Si l’on est davantage réservé sur l’adéquation du ténor Samuele Simoncini avec l’émission vocale foncièrement romantique exigée par le rôle de Macduff, on serait heureux de réentendre dans un emploi plus important le ténor David Astorga dont les interventions en Malcom sont remarquables tout autant que celles de la soprano lyrique Marta Mari, au parcours déjà plus que prometteur, en servante. On ne peut, en outre, que s’incliner sur l’endurance vocale de Giacomo Prestia, Banquo de grande classe, qui aura donné à l’art lyrique, après plus de trente ans de carrière, quelques soirées mémorables, chez Verdi en particulier !

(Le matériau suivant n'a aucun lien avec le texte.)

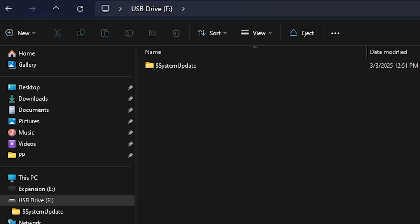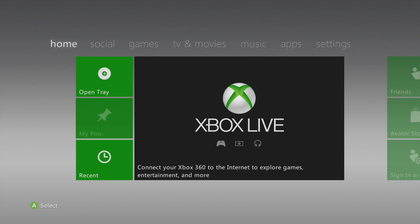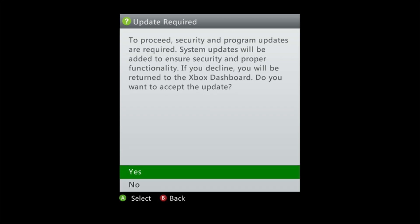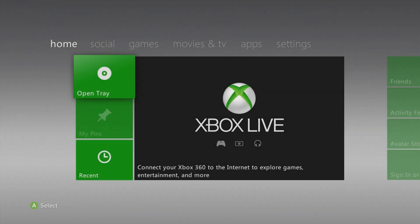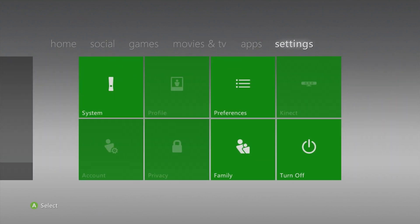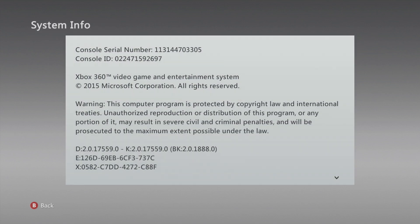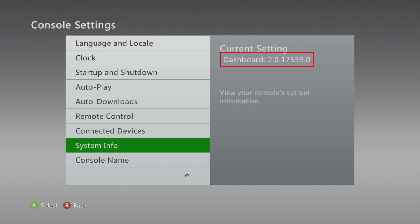Insert the USB drive into your Xbox 360. It will detect that there is an update and prompt you to restart the console to apply it. Select Yes, then Yes again, and let it do its thing. Once it's finished, go to Settings > System > Console Settings > System Information, and you will see it now reads 2.0.17559. Excellent - we are now ready to run the exploit.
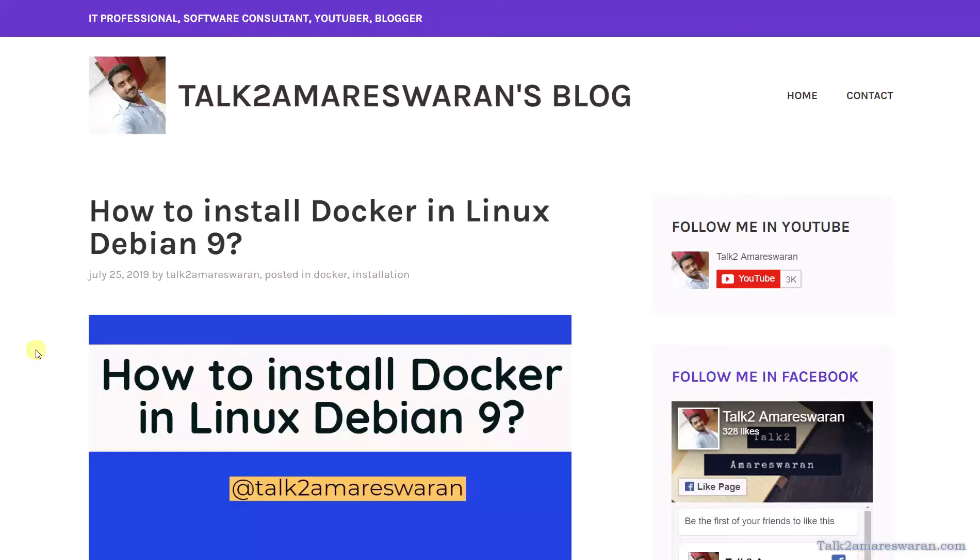Hello everyone. Today I'm going to show you how to install Docker in Linux Debian 9 machine.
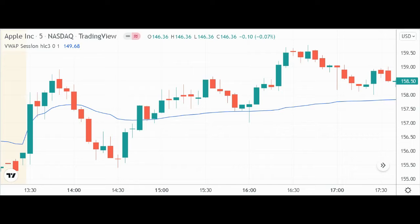Hello and welcome to Looking at the Markets with David Modell. The VWAP — Volume Weighted Average Price. Do you use this indicator? You might want to consider it, at least consider adding it to your arsenal as a trader or investor. It can be very powerful.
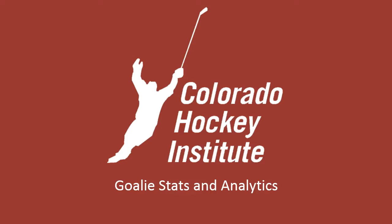Here's a quick overview of the goalie stats and analytics package from the Colorado Hockey Institute.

Quant à la Lady Macbeth de Silvia Dalla Benetta, récemment applaudie dans la rarissime version française de l’ouvrage, on se réjouissait de la réentendre à l’Opéra de Nice, scène où elle avait déjà incarné des Semiramide et Marguerite de Valois des Huguenots de belle facture. Si la voix est souvent métallique dans sa partie la plus haute, ce qui, dans ce rôle, n’est pas particulièrement un handicap, l’interprète force le respect par une endurance vocale salutaire lui permettant de traverser tous les écueils d’une partition qui n’en manque pas, cueillant à froid toute soprano, dès la lecture de la lettre de Macbeth achevée ! La somptueuse « Luce langue » avec sa brillante partie finale constitue pour nous la plus belle réussite vocale de la soirée mais la scène de somnambulisme est loin de démériter avec, même non chanté piano, un contre ré-bémol final bien en place.
Dans un théâtre plein à craquer et à la qualité d’écoute superlative, ce Macbeth post-crise sanitaire, exécuté enfin à plein effectif d’orchestre et de chœur, semblait donner le véritable signal du retour du beau chant dans la cité niçoise. On ne peut que s’en réjouir !
Macbeth : Dalibor Jenis
Lady Macbeth : Silvia Dalla Benetta
Macduff : Samuele Simoncini
Banco : Giacomo Prestia
Malcom : David Astorga
Une servante : Marta Mari
Un docteur : Geoffroy Buffière
Chœur de l’Opéra de Nice, direction : Giulio Magnanini
Orchestre philharmonique de Nice, direction : Daniele Callegari
Mise en scène et lumières : Daniel Benoin
Décors : Jean-Pierre Laporte
Costumes : Nathalie Bérard-Benoin
Vidéo : Paulo Correia
Macbeth
Macbeth, opéra en quatre actes de Giuseppe Verdi, livret de Francesco Maria Piaved’après la tragédie homonyme de William Shakespeare, crée au Teatro della Pergola de Florence le 14 mars 1847. Deuxième version au Théâtre Lyrique de Paris (19 avril 1865).